Prevention Strategies:
Prevent constipation through high-fiber diet and adequate hydration
Avoid straining during defecation
Prompt treatment of acute fissures with conservative measures
Careful surgical technique to minimize risk of sphincter damage during LIS.
Prognosis
Factors Affecting Prognosis:
Acute fissures generally heal well with conservative management
Chronic fissures, especially those with a sentinel pile or significant sphincter spasm, have a higher recurrence rate or may require surgery
Patient adherence to lifestyle modifications is key.
Outcomes:
Over 90% of acute fissures heal with conservative treatment
Surgical treatment, particularly LIS, has a high success rate (over 95%) in healing chronic fissures
Recurrence rates are generally low but can occur.
Follow Up:
Regular follow-up is recommended, especially after surgical intervention, to monitor for healing, recurrence, and any potential complications like incontinence
Patients should be advised on long-term preventive measures.
Key Points
Exam Focus:
Understand the pathophysiology: anal sphincter spasm leading to ischemia
Differentiate between acute and chronic fissures
Know the conservative management steps (diet, sitz baths, topical agents)
Primary surgical intervention for chronic fissures is Lateral Internal Sphincterotomy (LIS)

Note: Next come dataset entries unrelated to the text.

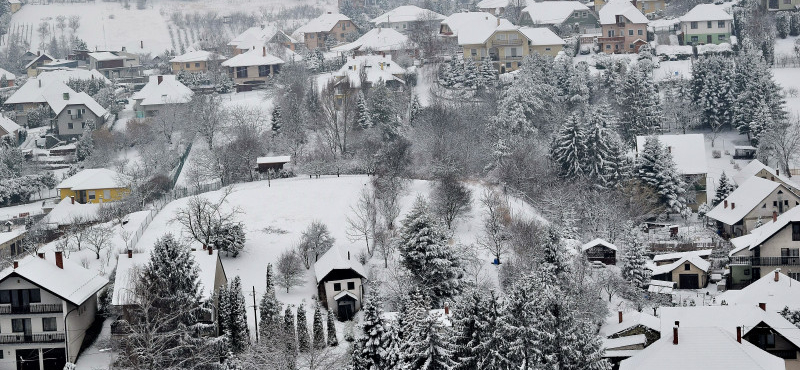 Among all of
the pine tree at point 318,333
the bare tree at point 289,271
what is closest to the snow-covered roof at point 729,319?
the pine tree at point 318,333

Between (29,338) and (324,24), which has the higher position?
(324,24)

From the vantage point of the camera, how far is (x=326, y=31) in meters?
112

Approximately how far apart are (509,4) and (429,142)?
41882 millimetres

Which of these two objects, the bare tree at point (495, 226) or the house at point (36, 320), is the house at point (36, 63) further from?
the house at point (36, 320)

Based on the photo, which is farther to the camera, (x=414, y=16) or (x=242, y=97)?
(x=414, y=16)

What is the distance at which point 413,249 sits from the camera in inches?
2073

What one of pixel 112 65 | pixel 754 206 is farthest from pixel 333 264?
pixel 112 65

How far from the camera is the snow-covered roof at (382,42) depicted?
3807 inches

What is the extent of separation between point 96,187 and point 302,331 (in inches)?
1127

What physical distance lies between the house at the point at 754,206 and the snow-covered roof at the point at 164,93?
39587mm

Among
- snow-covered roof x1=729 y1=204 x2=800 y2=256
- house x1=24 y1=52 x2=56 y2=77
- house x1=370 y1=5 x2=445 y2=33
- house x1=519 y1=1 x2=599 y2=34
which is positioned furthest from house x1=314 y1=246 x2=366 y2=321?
house x1=24 y1=52 x2=56 y2=77

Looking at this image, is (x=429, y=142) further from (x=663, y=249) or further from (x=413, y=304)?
(x=413, y=304)

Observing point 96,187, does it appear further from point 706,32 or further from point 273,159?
point 706,32

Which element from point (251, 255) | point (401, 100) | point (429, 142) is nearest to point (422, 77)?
point (401, 100)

Risk of incontinence with LIS.
Clinical Pearls:
A very painful digital rectal exam is often a hallmark of a fissure
Always assess for sentinel pile in chronic fissures
Topical nitrates or calcium channel blockers are effective medical treatments
LIS is highly effective but requires careful technique to avoid overtightening and subsequent incontinence.
Common Mistakes:
Aggressive digital examination in a patient with acute fissure causing extreme pain and potential worsening
Prescribing strong laxatives that can cause diarrhea and worsen irritation
Delaying surgical referral for chronic, non-healing fissures
Over-reliance on topical treatments without addressing underlying constipation.